Issue 2/2017 - Krise als Form


The Catastrophes of Our Crisis

Some Preliminaries on Art and Antisocial Socialization

Kerstin Stakemeier


The present seems as an antisocial place not least because it bears the marks of its once more socially seeming modern past. A past, that conversely today seems to be diminished to leading to this very present. The lost hope for an immanent realization of modern ideals, has yet again collapsed into the practical brutalization of its inherent social hierarchies. And within that process social categories that seemed to have been relativized, socially worn out, and politically negated return once again as absolute, inescapable stigmata, subtended by their roles within the pervasive crisis of two arch-categories of modernity: the nation state and its capitalist reproduction. This is by no means modernity’s first catastrophic crisis, but it lays bare its foundational brutalisms as much as the lineages of deviation buried within it. The crisis resembles a different past than its overcoming. And so lineages of deviation seem more graspable right now, in the moment before the soon to recur straightening of our present towards yet another modern future – more graspable to those who were identified as the eventual subjects of this modern future and to those whose subjection has been entangled in its foundational brutalisms. And we are all both, however in largely different ratios. The momentary lifting of the respective ‘values’ of these identifications for the realization of said modern ideals, unearths the lineages of an antisocial socializations, possible avenues of a communal refutation of our functional identifications within yet another modern template of our lives.
In a small volume of essays entitled All This Burning Earth published in 2016 the poet Sean Bonney quotes a passage from Jean Genet’s writings on the George Jackson’s prison letters: “(T)heir voices are starker, more accusing and implacable, tearing out every reference to the cynical conjuring of the religious enterprise and its efforts to take over. They are more singular, and singular too in the way they all seem to engage a movement that converts the old discourses, in order to denounce the curse not of being black, but of being captive.”1
It is this sense of captivity that had been central also to Genet’s own earlier writings, paradigmatically laid out in Our Lady of the Flowers of 1943 already, in which exactly a lived state of incarceration turns into the formal register of a progressive desocialization. And here again it is this desocialization that gives way to an autonomy, an antisocial autonomy as a necessary space of art. This sense of being a captive of the society that one lives in lets – as Genet argues for Jackson’s prison letters – each word turns into poetry, because it builds on the denaturalization of all given social relations.

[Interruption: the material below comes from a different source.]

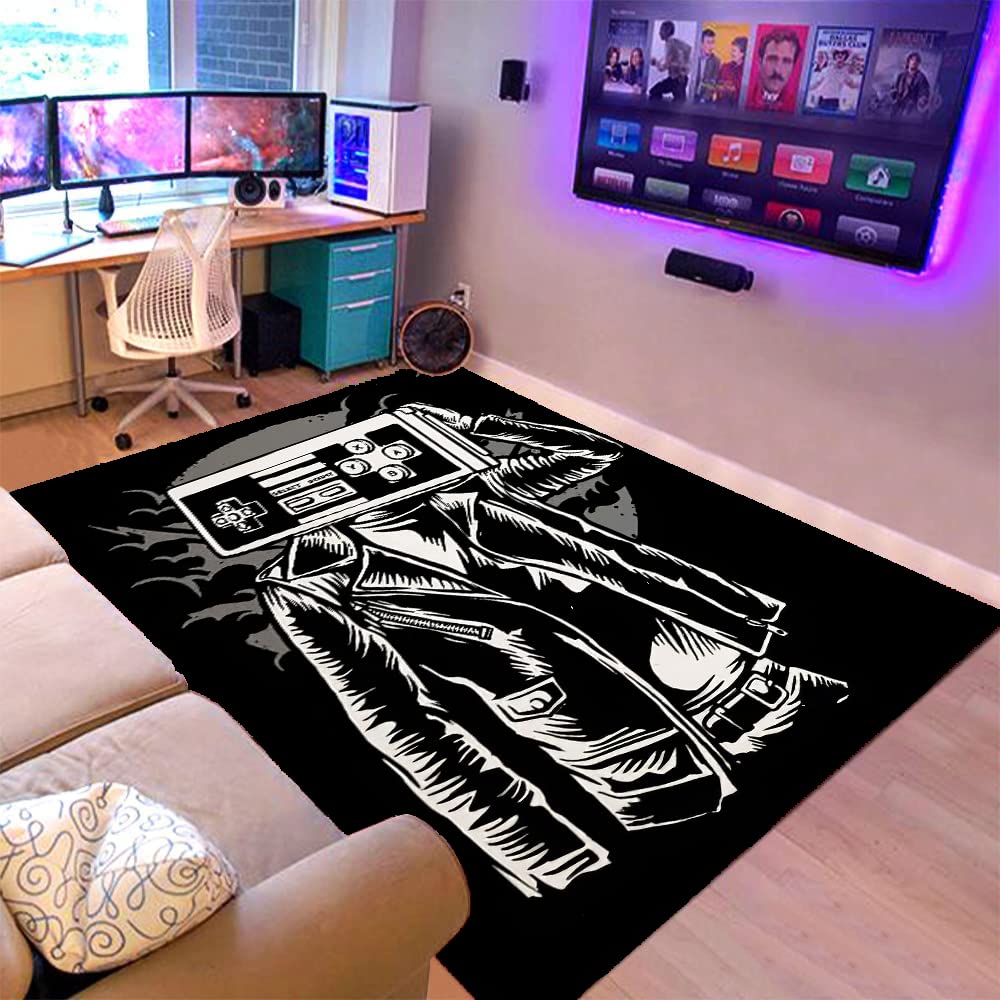 LUCKYLEI 3D Gamer Carpet - Large 94x63 Inch Non-Slip Polyester Floor Mat with Controller Print for Living Room & Bedroom - Perfect Gaming Decor Gift for Boys - Ideal for Game Rooms, Esports Setups and Gamer Gifts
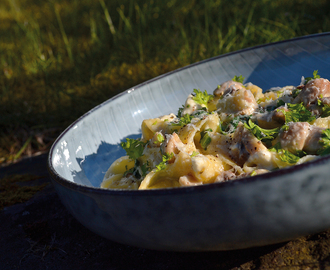 Fettuccine med svampe, feta og ramsløg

All form becomes aesthetic, and, where acted out by the subject, artistic, because no form remains positively social, no form remains mundane, no form can be accepted as a given. But this artistic form, and this is why Bonney focuses on Genet’s political writings from the 1960s to the 1980s, establishes an antisocial aesthetic solidarity. One that is, with Genet, prone to fundamentally intensify its notion of form:
„And this must be noted if only to counter the obligatory misunderstanding of l’art pour l’art. For art’s sake was scarcely ever to be taken literally; it was almost always a flag under which sailed a cargo that could not be declared because it still lacked a name. This is the moment to embark on a work that would illuminate as has no other the crisis of the arts that we are witnessing: a history of esoteric poetry.”2
In Genet’s sense Jackson’s writing was art, not because it necessarily sought to be art, but because his embracing of the immiseration of language which the prison censorship forced upon him, negated the functional socialization of his language and gave rise to an art, an aesthetics that was not (yet) legible, positively identifiable within the captivity he was subjected to. It is the ratio of subjection and subjectivization that Genet arguably shifts in his reading of Jackson’s prison letter, as his subjection becomes his subjectivization. Genet establishes a position within which subjectivization rises from subjection alone, from the antisocial within the given society rises a socialization against it. Genet’s model of society as a state of captivity is thus not so much suggesting a model of aesthetic identification with the subjected but rather one of aesthetic solidarity out of subjection. History is rearranged via exemplary anti-social productions. Within such a model the antisocial capacities of vastly different, and previously detached, social roles become relevant exactly in their shared sense of captivity. However, and here the practical failure of Genet’s attempted political solidarization which Bonney notes becomes central: the negative social identification of one’s own aesthetic re-formation entails a conscious, a responsible relation to one’s own affirmative function within this society. The antisocial aesthetic is bound to the captivity in question. And unlike George Jackson, we do carry affirmative roles that cannot be aesthetically overpowered, only destabilized, utilized or possibly jeopardized. Our ratio needs to figure in order for the antisocial relation to not inadvertently inherit the hierarchies of the social ones.
And even if we keep to the narrow confinements of seeking out the aesthetic potential of an antisocial artistic practice today, this means not least that the question of its history becomes ineluctable. To seek out an anti-social art today implies what Genet calls “a history of esoteric poetry”, and which in our case would be “a history of esoteric art”. And art that is esoteric because it intensifies its bourgeois opposition to exoteric reason into an assault on it. An art that is esoteric because it employs “l’art pour l’art” to establish its means and ends from a perspective that renders all given relations de-naturalized and thus aesthetic. An art that is esoteric, because it does not comply with exoteric sense but denounces it rendering all sense arcane, obscure, abstruse, rarefied and perplexing. An art that is esoteric because it calls for an antisocial initiation into another aesthetic trajectory. It is thus exactly the inherently modern attribution of autonomy to art as a social space of aesthetic practice beyond the production of use value, and thus beyond the practical participation in modern society, that lets it return as Genet’s mode of operation: the autonomy of art is a state of captivity, with no social space to act upon. Genet’s version of “l’art pour l’art” renders this space as an antisocial expanse. An antisocial expanse which unites artistic propositions as diverse as French Symbolists of the late 19th century, Russian Futurists of the early 1910s, the more consequential Surrealists and Dadaists of the 1920s and 30s, the destruction artists of the late 1950s and 60s and sexed interventions into early contemporary art like those of Lee Lozano, General Idea or Tabea Blumenschein’s and Ulrike Ottinger’s, to name but a few.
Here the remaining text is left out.